Microsoft operating chief Kevin Turner outlined how the software giant is entering a "biggest innovation year ever" and took a jab at Salesforce.com and how customers shouldn't bet on an unprofitable company under generally accepted accounting principles.
Turner's argument,at Microsoft's partner powwow, isn't new. A few analysts have noted that software as a service companies aren't exactly churning out money on a net income basis. On a non-GAAP basis, which basically excludes all the bad stuff like depreciation, options and other hits to the bottom line, cloud companies look pretty good.
Here's Turner's money slide:
The big question here is whether enterprise customers should care. Obviously, Salesforce has shown it has staying power. The company is also the largest cloud application player. Revenue has grown each year and Salesforce has been adding sales staff. The company is clearly in investment mode and critics will note that sales efficiency has tanked as Salesforce chases after SAP and Oracle.

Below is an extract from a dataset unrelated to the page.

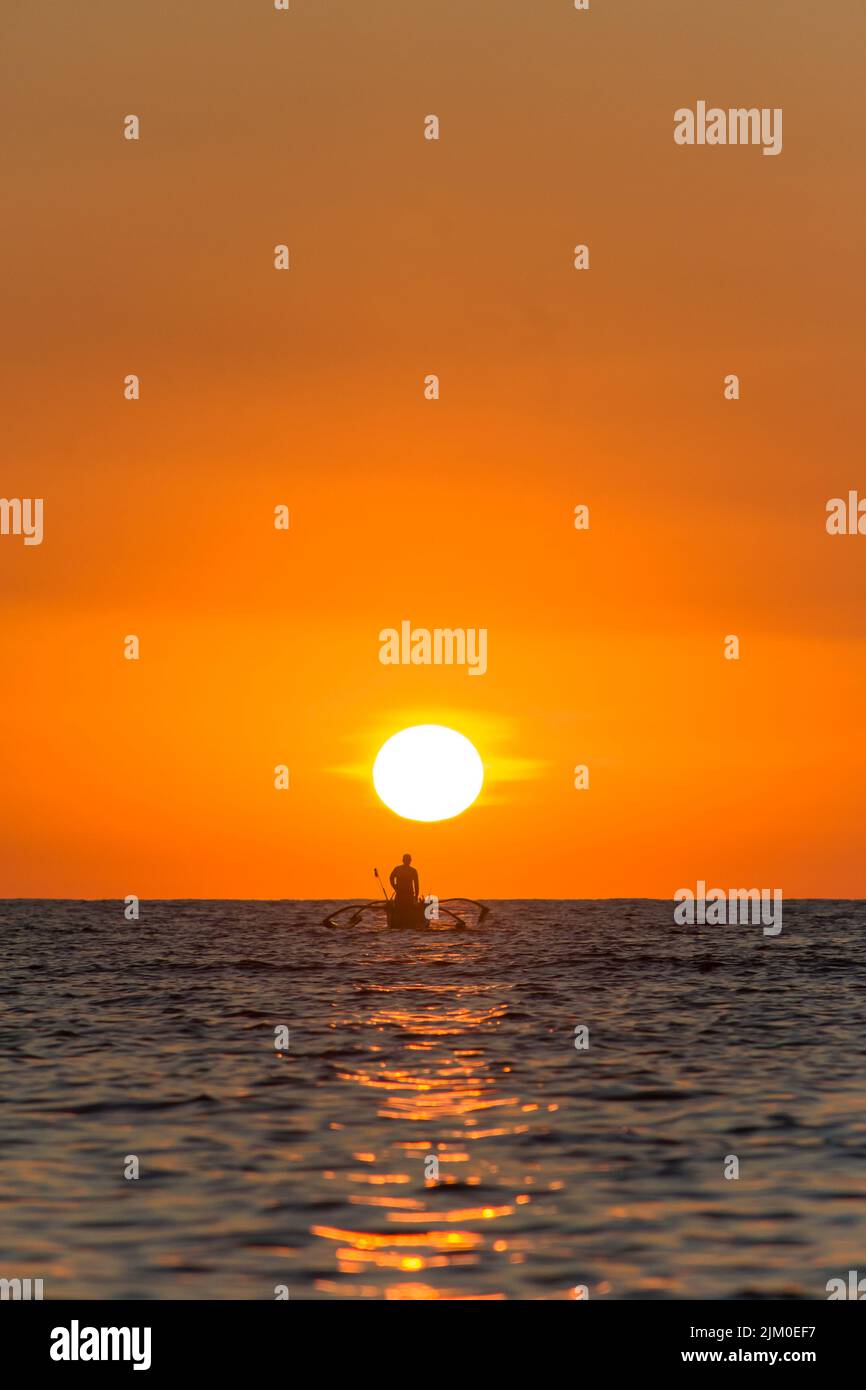 A vertical shot of a silhouette of a person on a boat on the sea at ...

Overall, software as a service companies have a harder time raking in profits. License and maintenance revenue---a cash cow if ever one was invented---are replaced by subscriptions in a cloud model. It's a different ballgame entirely.
But here's the catch: Customers may be more concerned with how vendors make money not whether they are GAAP profitable. For instance, software vendors may not want to gloat about increasing maintenance fees each year like they're charging college tuition. In some cases such as a cloud model, customers may like that a company isn't raking in dough.

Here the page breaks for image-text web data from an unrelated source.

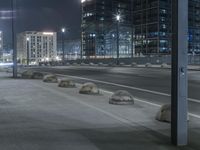 the empty city road is empty by the tall building in the background at night with light streaking on the buildings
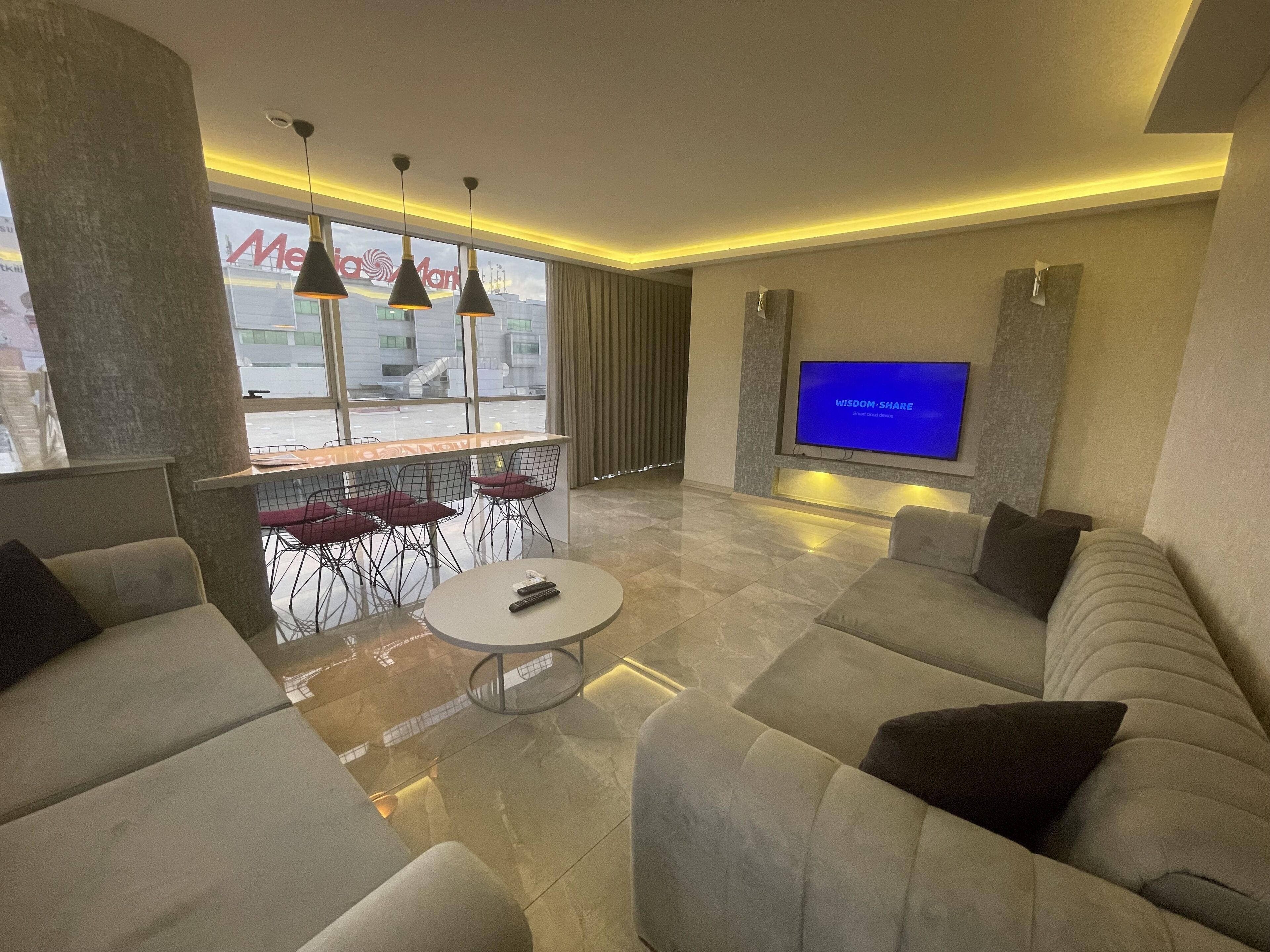 Ein modernes Wohnzimmer mit großem Flachbildfernseher, bequemen Sitzmöglichkeiten, einem Essbereich mit Stühlen und Blick ins Freie durch große Fenster.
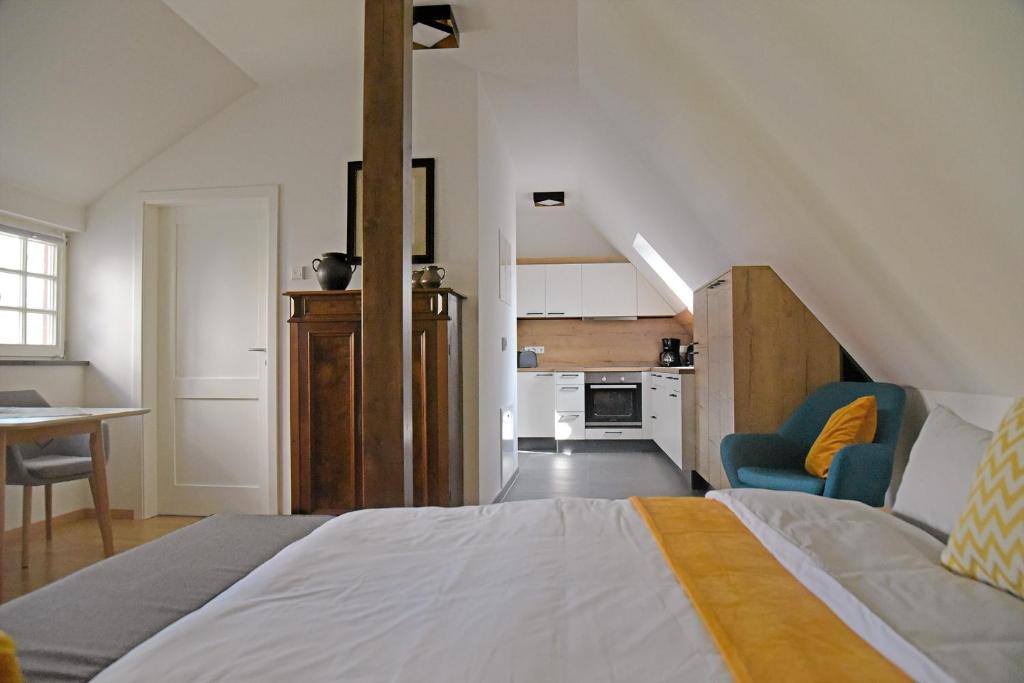 a bedroom with a large bed and a kitchen at Buschschänke Lomnitz - Appartements in Lomnitz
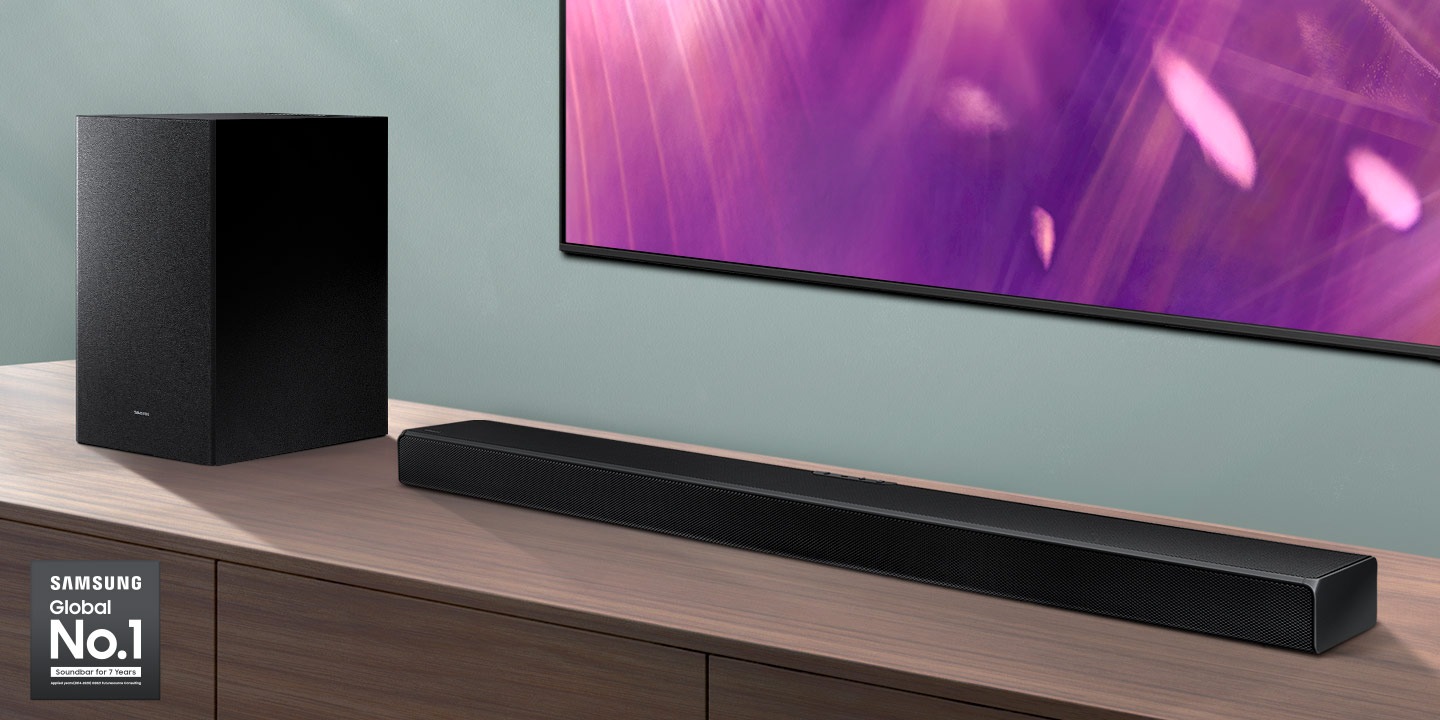 Samsung Global No.1 logo can be seen along with Samsung A650 Soundbar and subwoofer which are positioned next to Crystal UHD TV.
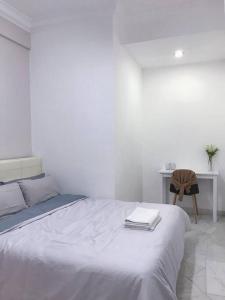 a white bedroom with a bed and a desk at Family 4BR Landed House @ SPICE ARENA in Bayan Lepas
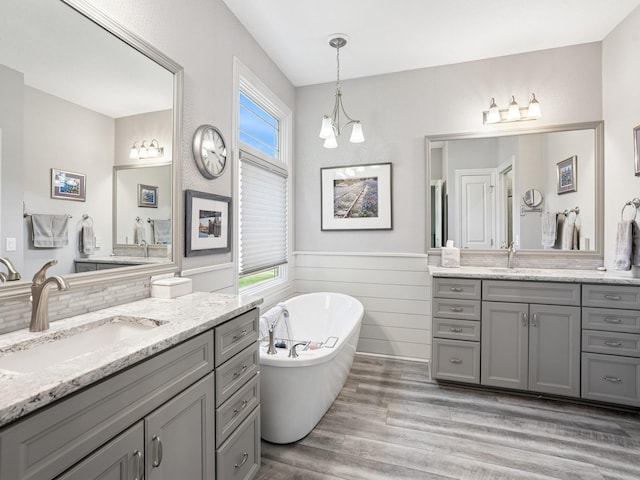 15075 Sheridan Ave, Clive, IA 50325 - full bathroom with two vanities, wood finished floors, a freestanding tub, wainscoting, and a chandelier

In any case, Turner's case is a bit flawed. A more apt comparison for Turner would be comparing Microsoft's cloud efforts, say Dynamics in the cloud or Office 365, on a net income basis. Chances are pretty good Microsoft is investment mode there too and losing money. It's also a good bet that Turner would never put up Microsoft's cloud financials (and I'd exclude Bing just to play fair).

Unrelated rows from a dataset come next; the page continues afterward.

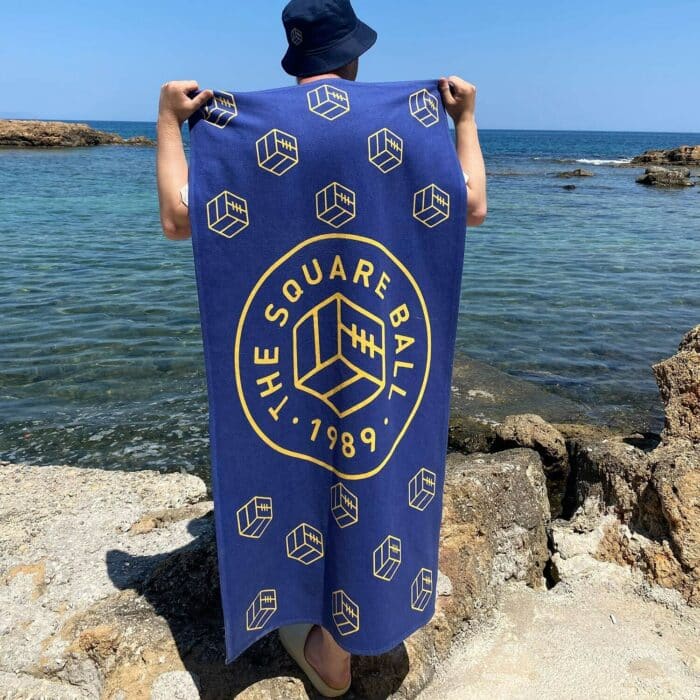 A blue TSB beach towel featuring our logo and icon in yellow being held up by a holidaymaker by the sea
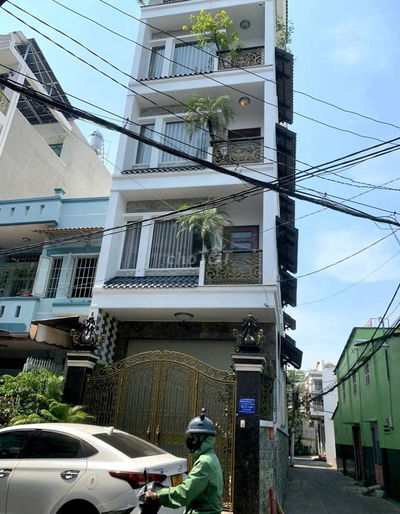Cho thuê nhà HXH góc 2MT 241/2A Nguyễn Thiện Thuật P.1 Q.3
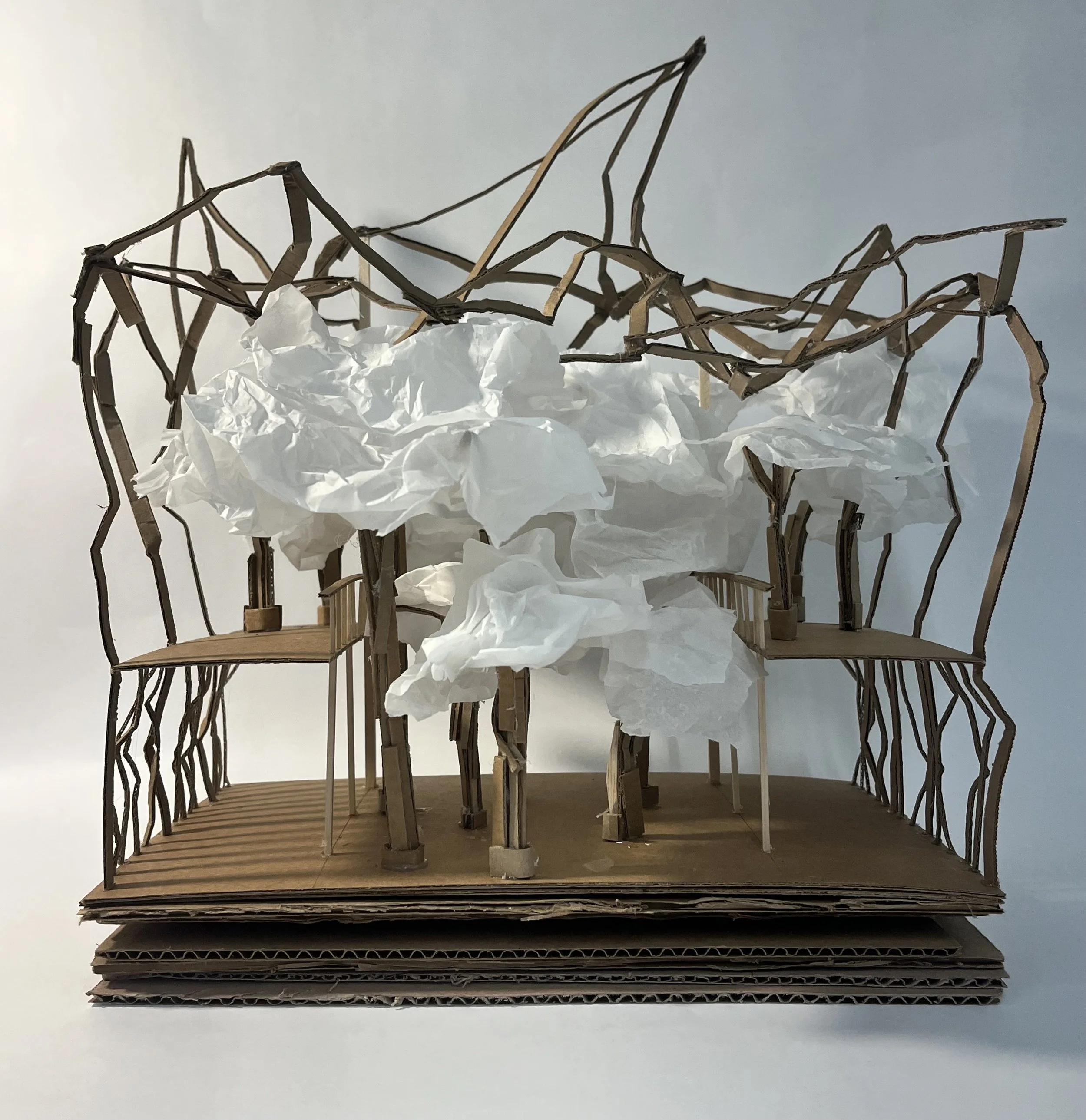 A detailed architectural model made of cardboard and paper, featuring a unique structure with multiple platforms, interconnected by thin, branching supports. There are crumpled white paper elements resembling clouds or foliage, adding artistic detail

The point: GAAP earnings don't always tell the tale. Salesforce's cash flow---also a way of measuring company's health---has been increasing on an operating basis.
In the end, Turner is trying to portray Salesforce as some fly-by-night startup. And why not? If Microsoft can project some fear, uncertainty and doubt maybe the company lands a few cloud sales. My guess is Turner's slide is some meat and potatoes for hard core partners and little more.